Short web captions
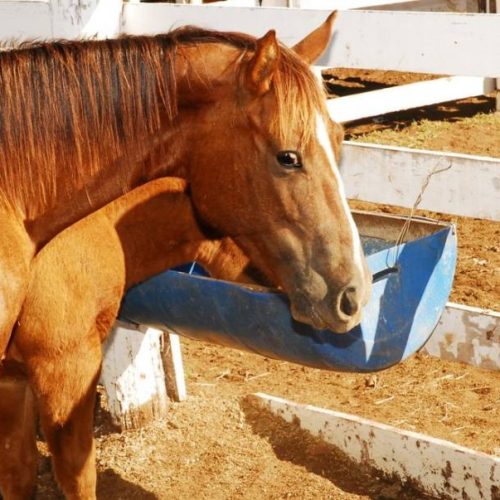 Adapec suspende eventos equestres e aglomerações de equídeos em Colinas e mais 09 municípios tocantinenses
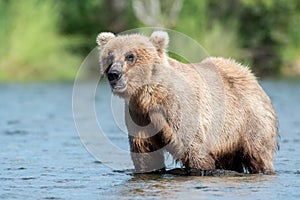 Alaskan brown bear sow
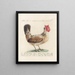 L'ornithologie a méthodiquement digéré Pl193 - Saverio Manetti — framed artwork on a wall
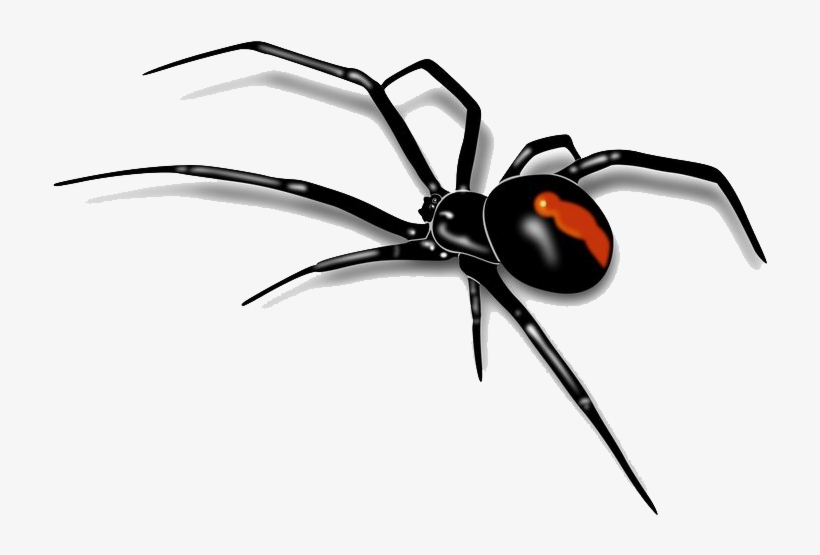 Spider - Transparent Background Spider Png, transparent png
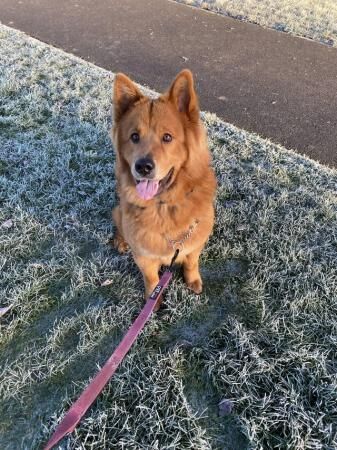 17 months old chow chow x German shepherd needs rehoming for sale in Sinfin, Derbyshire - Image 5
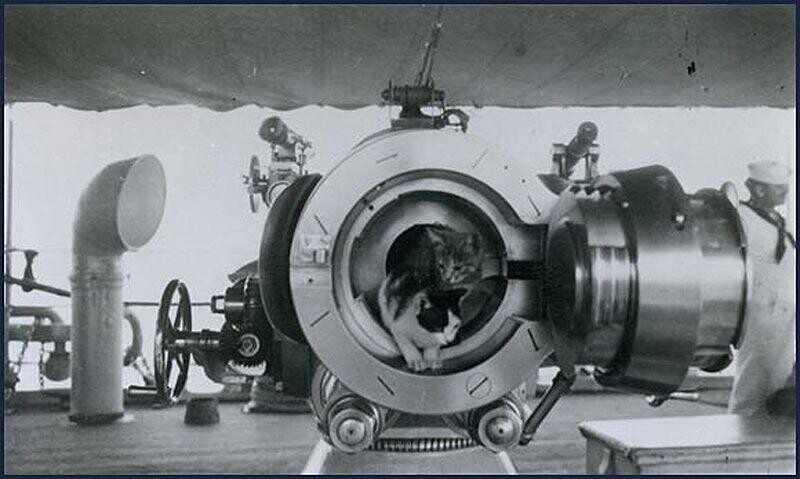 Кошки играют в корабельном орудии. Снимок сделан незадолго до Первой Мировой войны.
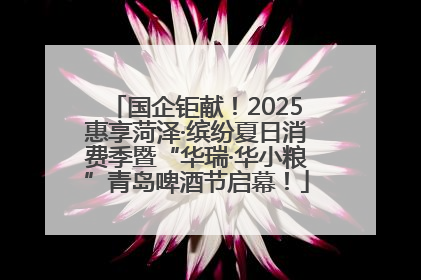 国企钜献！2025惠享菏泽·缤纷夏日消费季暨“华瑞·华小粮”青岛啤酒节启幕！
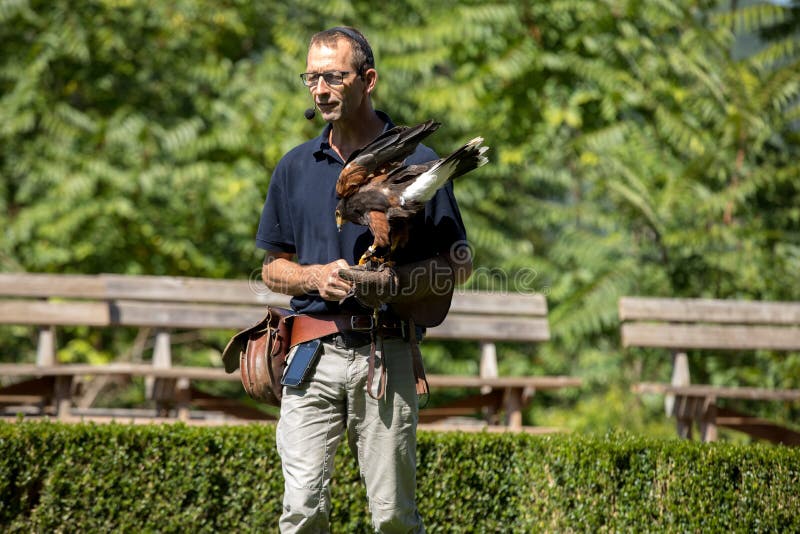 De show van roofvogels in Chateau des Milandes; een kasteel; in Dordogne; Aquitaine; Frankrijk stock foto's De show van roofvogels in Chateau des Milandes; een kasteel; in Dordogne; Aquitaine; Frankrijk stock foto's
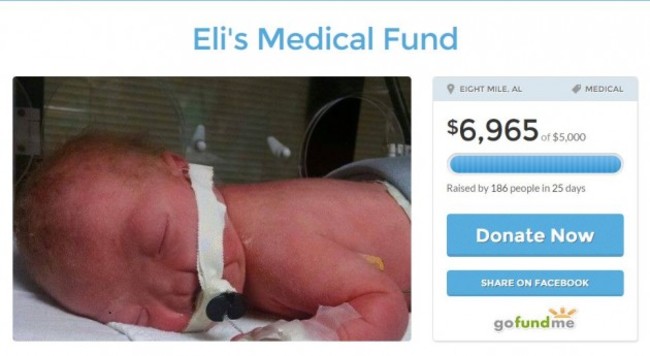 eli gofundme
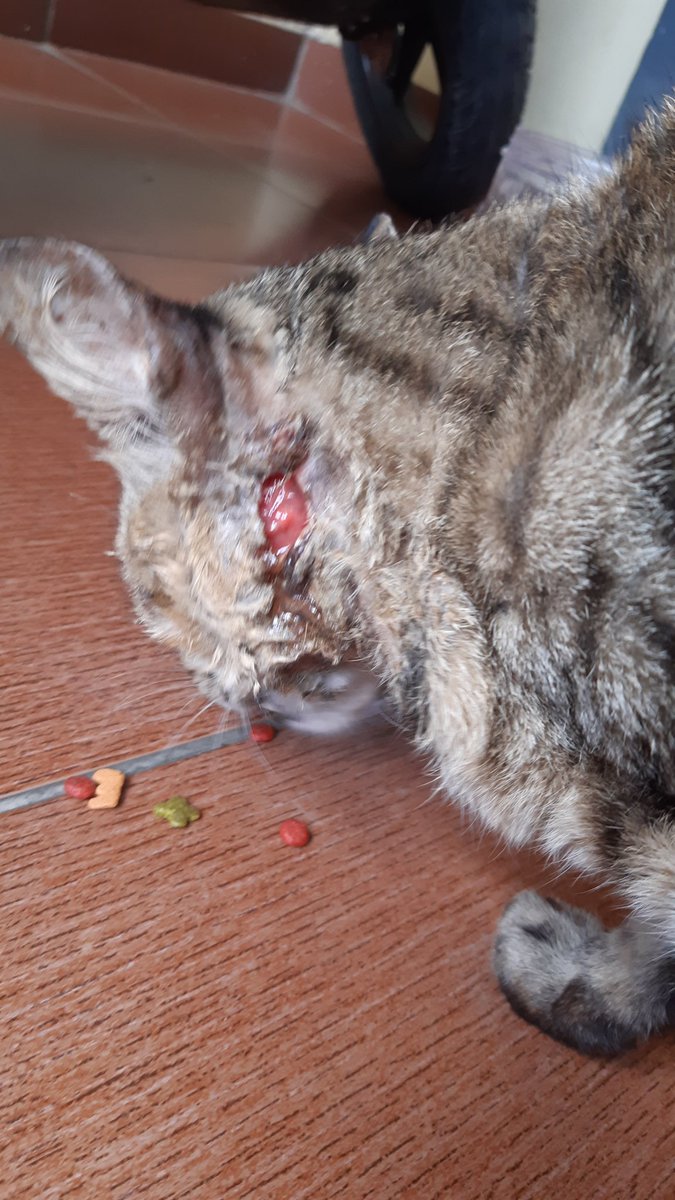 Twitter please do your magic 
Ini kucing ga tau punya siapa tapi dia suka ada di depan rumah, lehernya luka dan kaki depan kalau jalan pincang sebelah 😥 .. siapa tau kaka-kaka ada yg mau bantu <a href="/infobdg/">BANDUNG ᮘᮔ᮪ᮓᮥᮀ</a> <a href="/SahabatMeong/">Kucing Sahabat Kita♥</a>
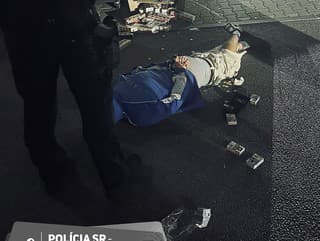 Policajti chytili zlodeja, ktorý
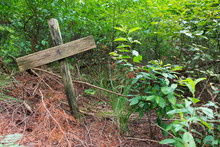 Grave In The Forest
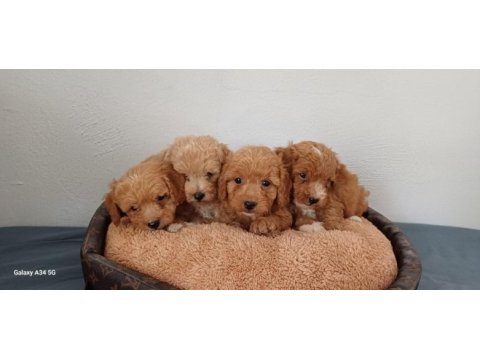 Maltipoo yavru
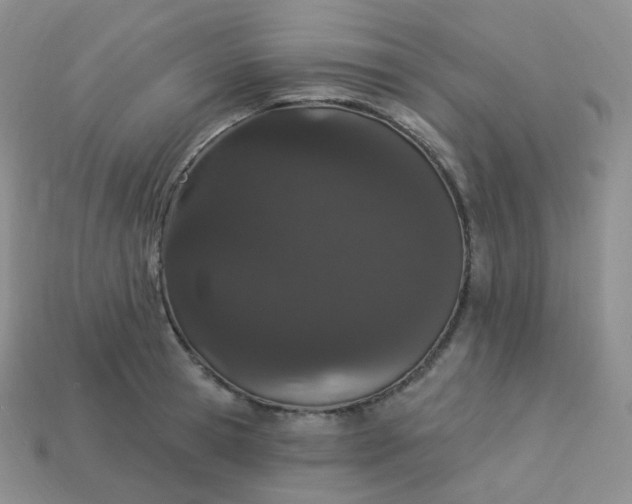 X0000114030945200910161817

* [YOUR OBJECTIVE]:
What is needed is an exact copy of only the lines from the line containing "Кошки играют в" through the last line of the entries, inclusive, without the pictures.

* [EXERCISE SOLUTION]:
 Кошки играют в корабельном орудии. Снимок сделан незадолго до Первой Мировой войны.
 国企钜献！2025惠享菏泽·缤纷夏日消费季暨“华瑞·华小粮”青岛啤酒节启幕！
 De show van roofvogels in Chateau des Milandes; een kasteel; in Dordogne; Aquitaine; Frankrijk stock foto's De show van roofvogels in Chateau des Milandes; een kasteel; in Dordogne; Aquitaine; Frankrijk stock foto's
 eli gofundme
 Twitter please do your magic 
Ini kucing ga tau punya siapa tapi dia suka ada di depan rumah, lehernya luka dan kaki depan kalau jalan pincang sebelah 😥 .. siapa tau kaka-kaka ada yg mau bantu <a href="/infobdg/">BANDUNG ᮘᮔ᮪ᮓᮥᮀ</a> <a href="/SahabatMeong/">Kucing Sahabat Kita♥</a>
 Policajti chytili zlodeja, ktorý
 Grave In The Forest
 Maltipoo yavru
 X0000114030945200910161817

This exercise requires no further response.